A good illustration of this attribute is Twitter. They approach their experience across contexts from a variety of angles, made possible by having content and interactions that are built with reuse and new configurations in mind. From desktop applications, to mobile apps and even third party uses through their API, a tweet can be pulled apart and reconfigured with ease to suit the context.
Flexibility means understanding context. But understanding context doesn’t mean predicting the user’s context; instead, it means building in ways to sense the specifics of the context and process this information in some useful way. While we do this already to a degree, we have so many more forms of data we could use to our advantage: device type, location (coordinates and proximity to other devices), locomotion (speed and movement), immediacy (time based dimensions), intimacy (knowing and learning about the user), sound (direct speech or ambient noise levels), visuals (light levels and camera sensing), behaviour (touch and user interaction patterns) and new inputs that will continue to emerge.
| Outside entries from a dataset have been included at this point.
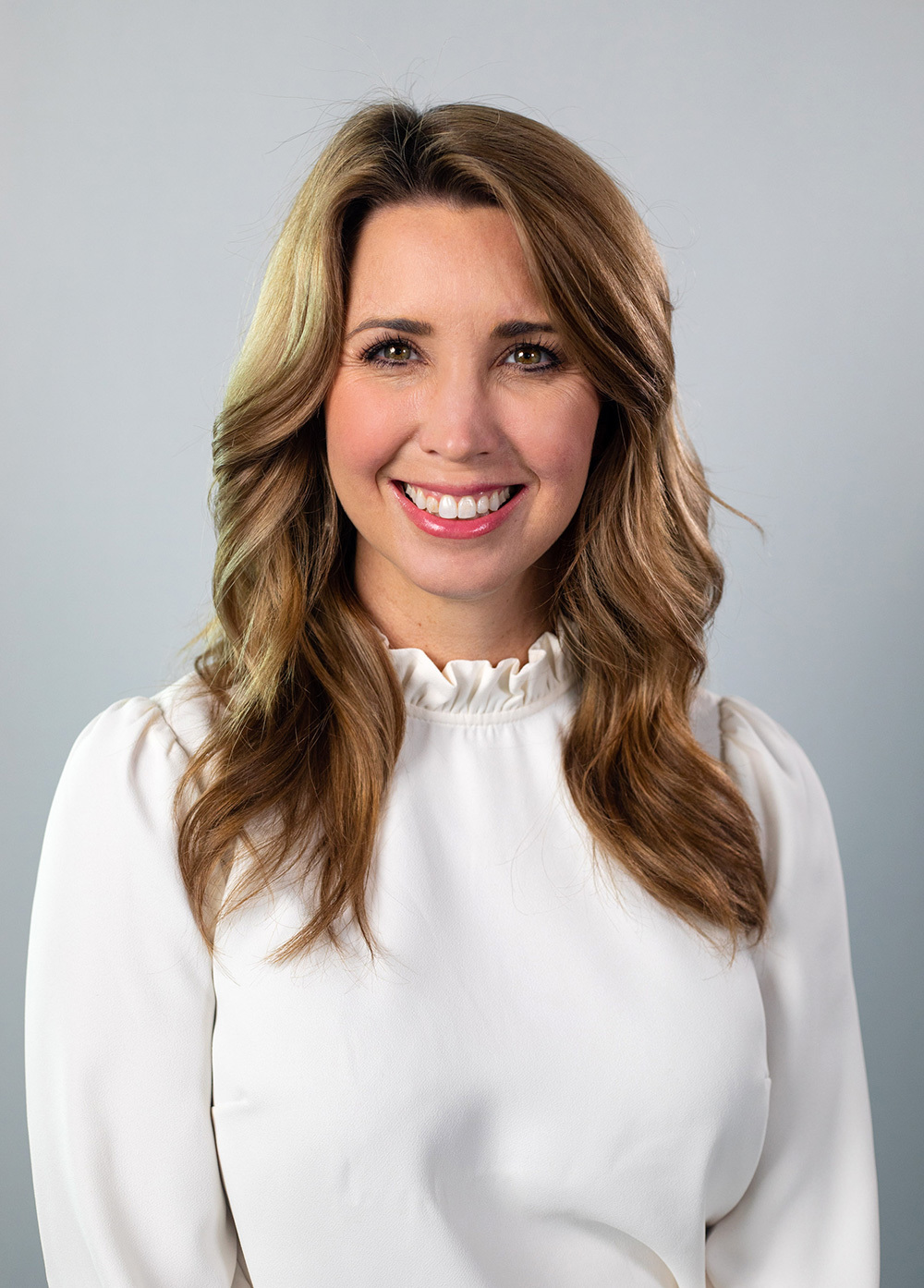 Social worker Krystle Pleitz, LCSW, wearing a white blouse and smiling in front of a white background.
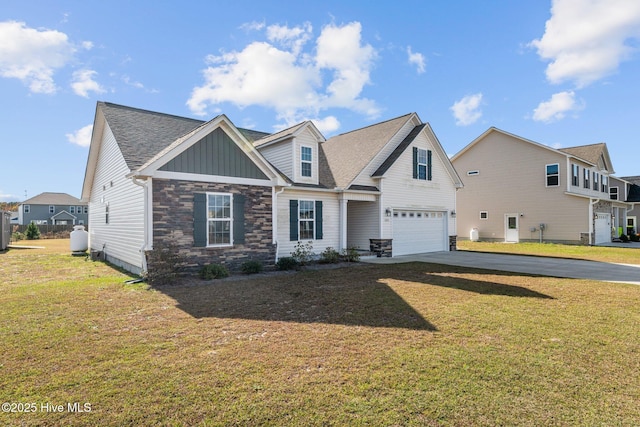 view of front of property with a garage and a front lawn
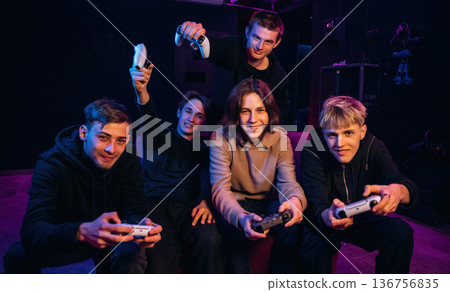 Focused and concentrated. Young gamers are with console controllers indoors Focused and concentrated. Young gamers are with console controllers indoors 136756835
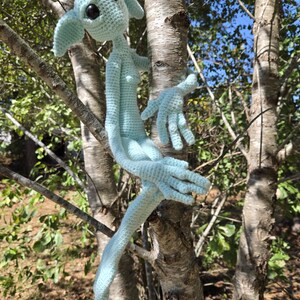 May include: A light blue crocheted elf doll with large black eyes, long arms, and pointed ears, perched on a tree branch. The handmade doll has a slender body and is made of soft yarn.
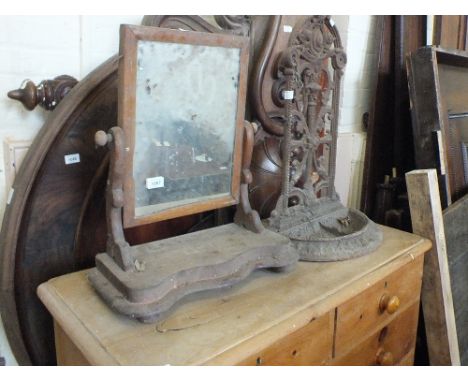 A Victorian iron stick stand and a toilet mirror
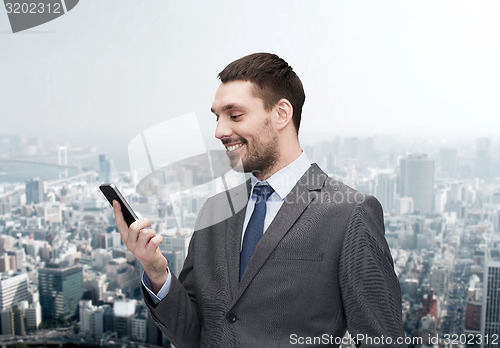 Image of young smiling businessman with smartphone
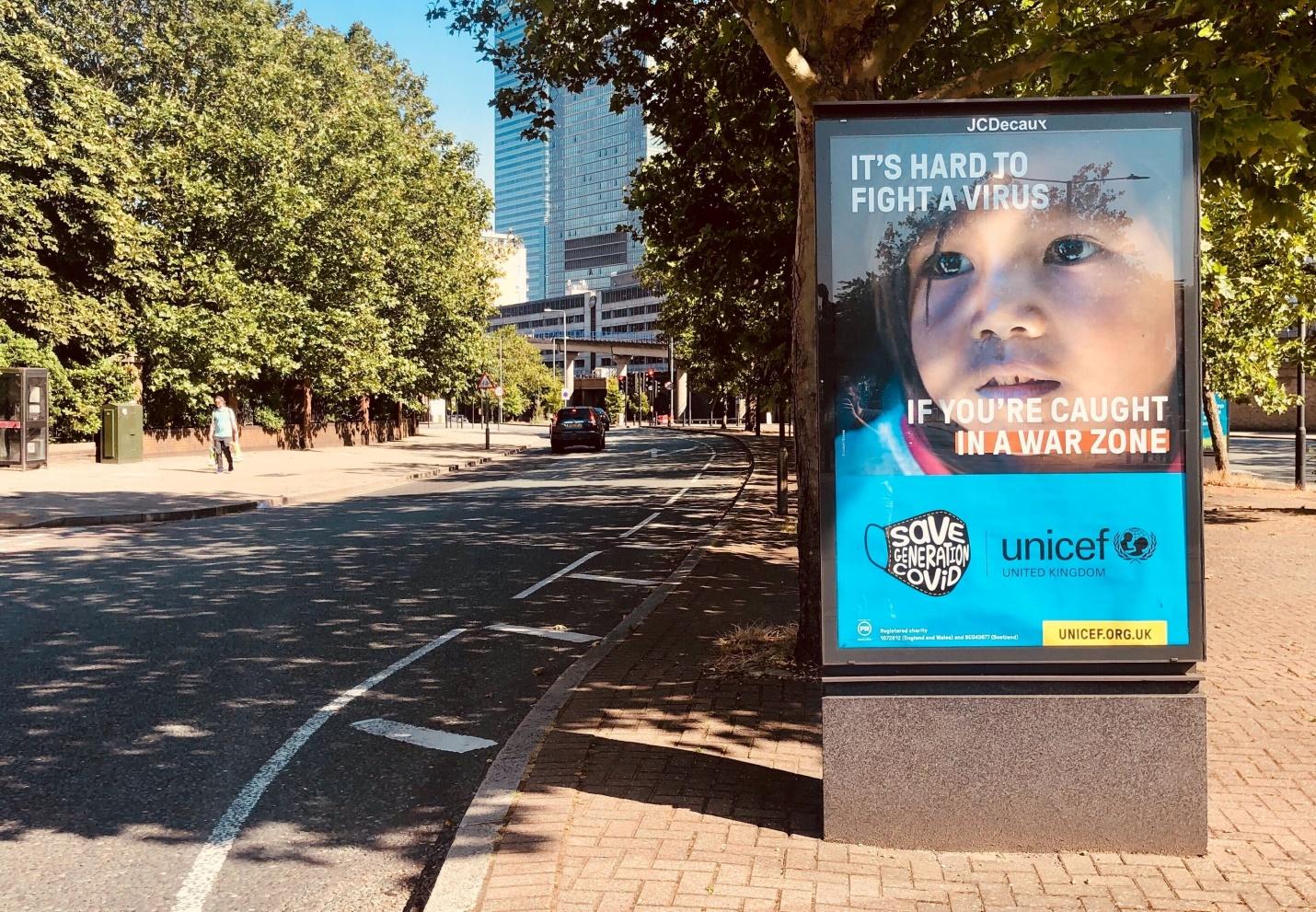 A Unicef COVID related billboard advertisement on a sidewalk.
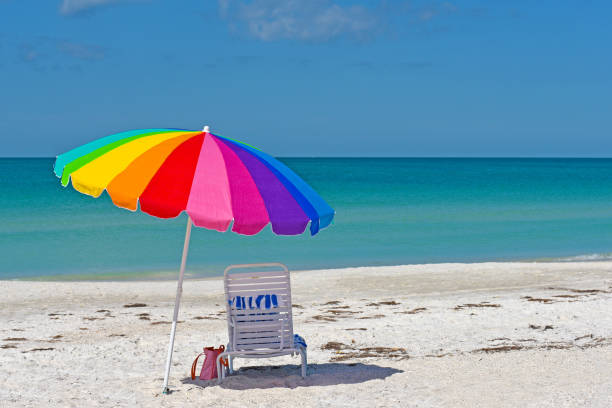 Beach Umbrella Colorful Umbrella and Chair on the Sandy Beaches of Anna Maria Island beach umbrella stock pictures, royalty-free photos & images
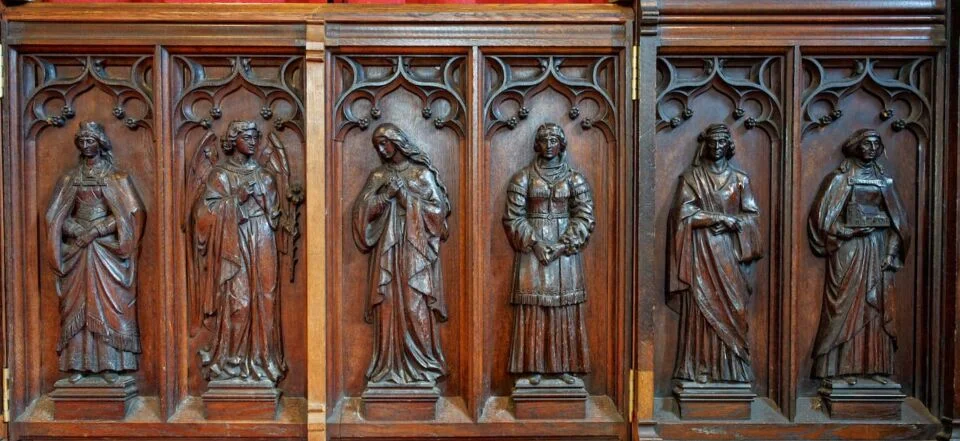 A view of the right side of the screen in Newton Poppleford church showing carved ladies from the Bible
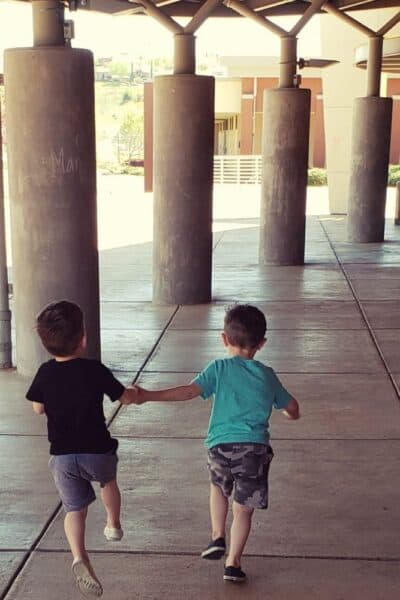 Two toddlers running away from the camera holding hands
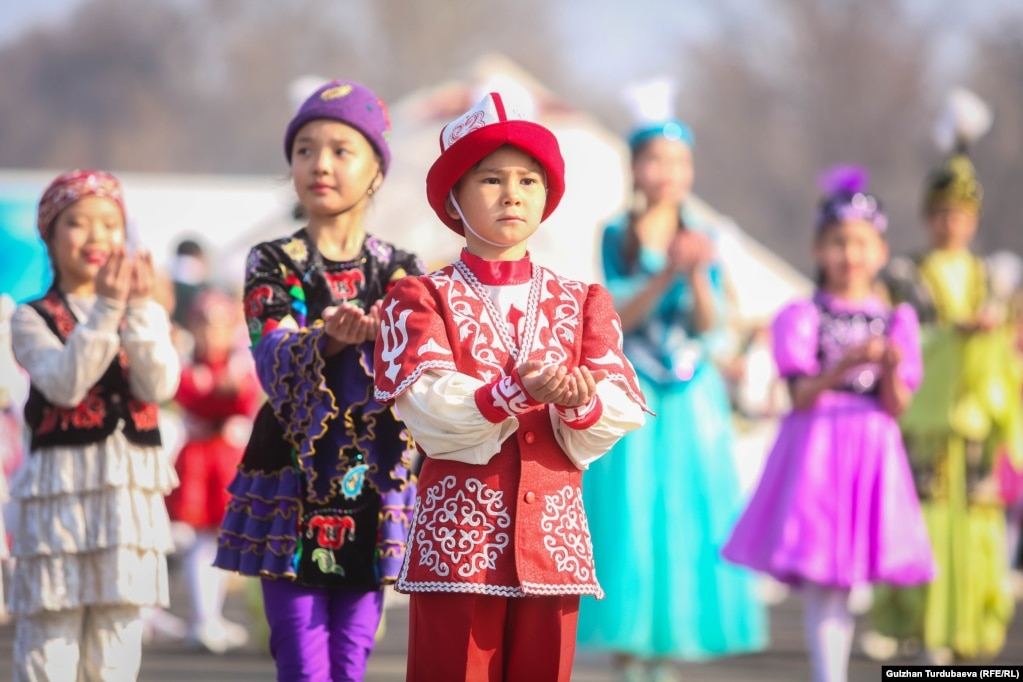 Young children wearing traditional costumes take part in celebrations at Ala-Too Square in Bishkek.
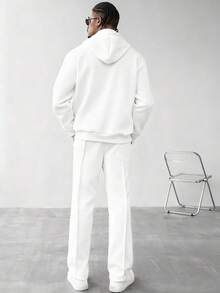 Manfinity Homme Bộ áo hoodie và quần dài màu trơn tối giản dành cho nam, bộ đồ thể thao màu trắng dành cho nam, bộ đồ phối hợp dành cho nam, bộ đồ thể thao 2 mảnh màu trắng dành cho nam, bộ quần dài màu trắng dành cho nam. - trắng - Xem 2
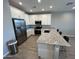 Modern kitchen featuring stainless steel appliances and granite countertops, with breakfast bar at 4073 E Amoroso Dr, Gilbert, AZ 85296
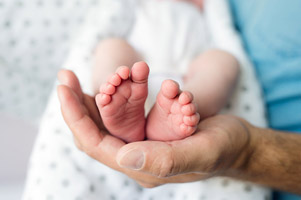 Unrecognizable father with newborn baby son.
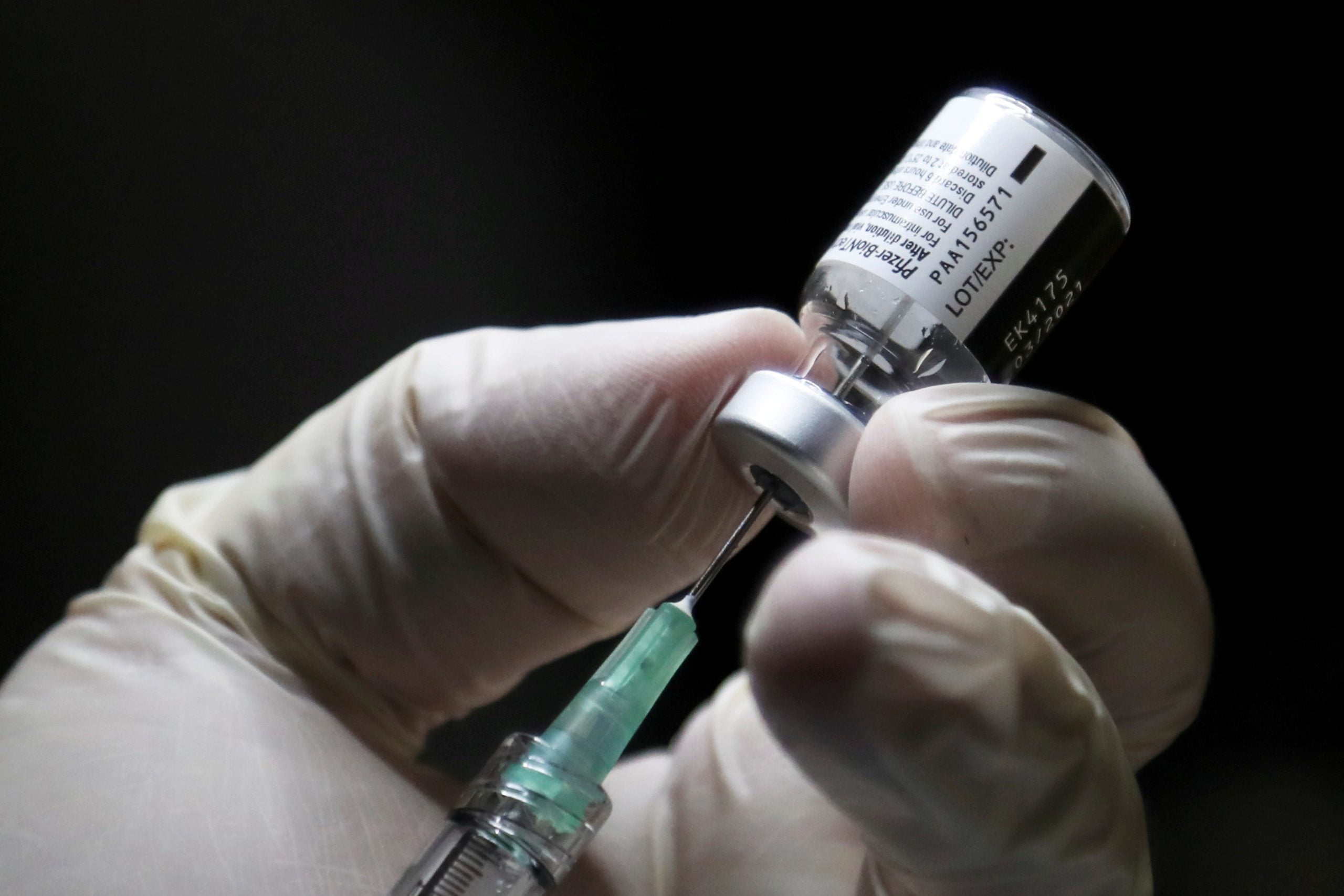 A closeup shot of a healthcare worker's gloved hands preparing to administer a vaccine.
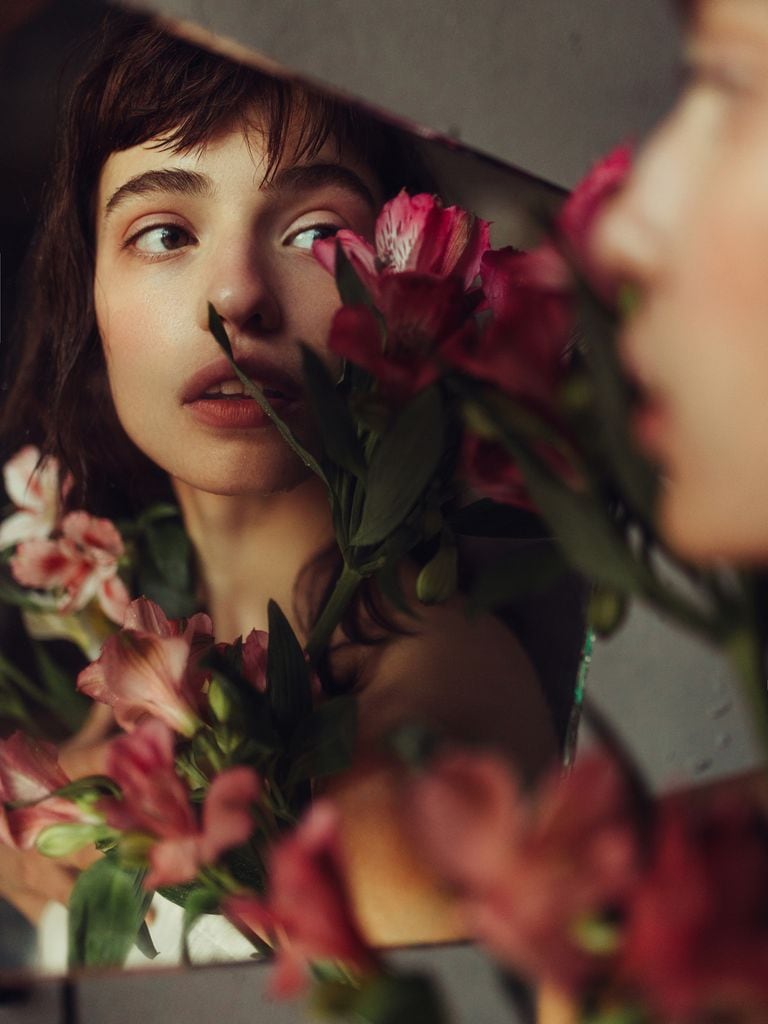 Mujer mirándose al espejo con un ramo de flores rosas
An interesting example of this can be found in a Microsoft Research project called Falcon. This piece of software is designed to monitor the user’s mobile behaviour. Using as many contextual inputs as possible, it makes predictions as to what applications the user is likely to open next. This prediction then triggers the device to open the top three most likely applications in the background, so that when the user does tap to open, their loading time is significantly reduced.
Flexibility means responding. As we saw in the Falcon example, with a modifiable structure in place and the ability to sense changing contexts, flexible interactions respond accordingly. They do this in two major ways: form and function. Form means responding by changing an interaction’s shape, design, order or content, while function implies modifying an interaction’s ability, memory or behaviour. This is the level of feedback experienced by the user and often the only level of a flexible interaction that might be apparent to them.
Examples of this attribute can be seen in a variety of interactions and are the direct result of the other two key attributes. But perhaps the best example of this is NPR’s Content Management system, COPE or Create Once, Publish Everywhere. The principle of this approach is a content management system that structures content at a detailed level, so that it can be configured and reconfigured across multiple devices, context and mediums. With this structure in place, interactions are a direct response to the context at hand; a piece of content can be viewed in multiple contexts, responding to the constraints to satisfy user expectations and behaviours. While brilliant in execution, with time this approach could be extended further to absorb even more context and respond at an even deeper level.
Flexible Interactions are easily modified to respond to altered contexts; anticipating change, supporting user needs and extending experiences now and into the future.
Toward Flexible Interactions
I believe that this approach will guide decision making in a diverse ecosystem of technology and will extend the discourse beyond existing solutions. Ideally we can move beyond responsive and reapproach design challenges from a systematic perspective.
This article is based on my presentation of the same name which was originally presented at the Interaction13 Conference on January 30, 2013.